Intro: 3D Printed Desk Lamp
Hello, Im new to this website but have loved everything I've seen so far. I thought if make an account and complete some instructables for myself. this is my first actual prototype product and Im not exactly use to using the laser cutter and 3d printer, but I designed and made this for my course work in my first year of college. please leave your opinions in the comments. thank you.
What inspired me?
This was my first projects when I started at my college in September. I came up with so many designed which were related to my favourite design movement, Bauhaus. If you didn't know, Bauhaus is or was a German arts school. It was closed during the second world war as it didn't portray the right image for Germany at that time.

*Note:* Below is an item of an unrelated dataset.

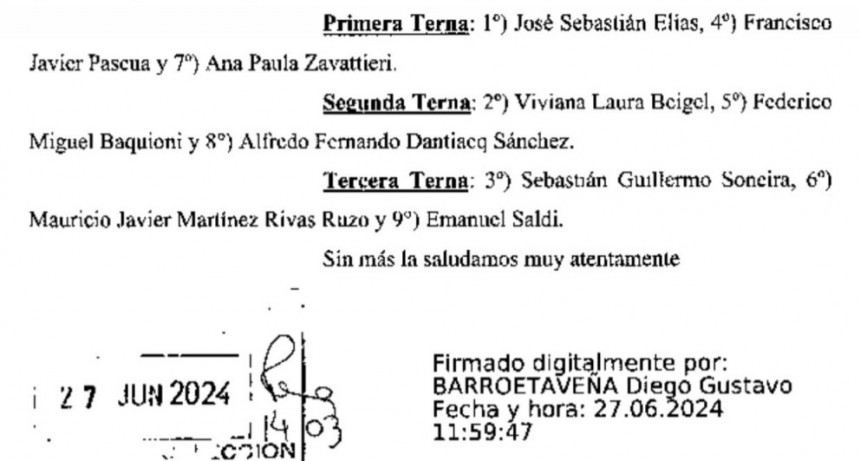 CARGOS DE CAMARISTAS FEDERALES EN MENDOZA: TERNAS INFAMES CONTAMINADAS DE POL&Iacute;TICA.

I landed on this design and weeks later I finished my lamp. I thought id share it with you so hopefully you could make and build upon my idea. To make this unique and simple Bauhaus Desk lamp you will need;
- a 3D printer
- a laser cutter
- a line bender
- a soldering iron
- 3d printing filament
- multi-strand 2mm wire
- strip board
Step 1: Step 1 - the Body
to construct the main frame or body of the lamp, first you must have 2d design software for example, 2D design. using this software, design the frame to hold your light. when the design is complete, send the file to be 'printed' after making sure the lines are set to be cut, etched.
if when the frame is being cut, there are black marks around the edges, use a damp cloth to remove them. this is the first stage complete.
note: different thicknesses and colour are available.
Step 2: Step 2 - Making the Mould
to make the mould, first you must use PVA to attach three pieces of MDF or another material of length 120mm, width 100mm and height 20mm. when the three pieces are attached, the block should be roughly60mm.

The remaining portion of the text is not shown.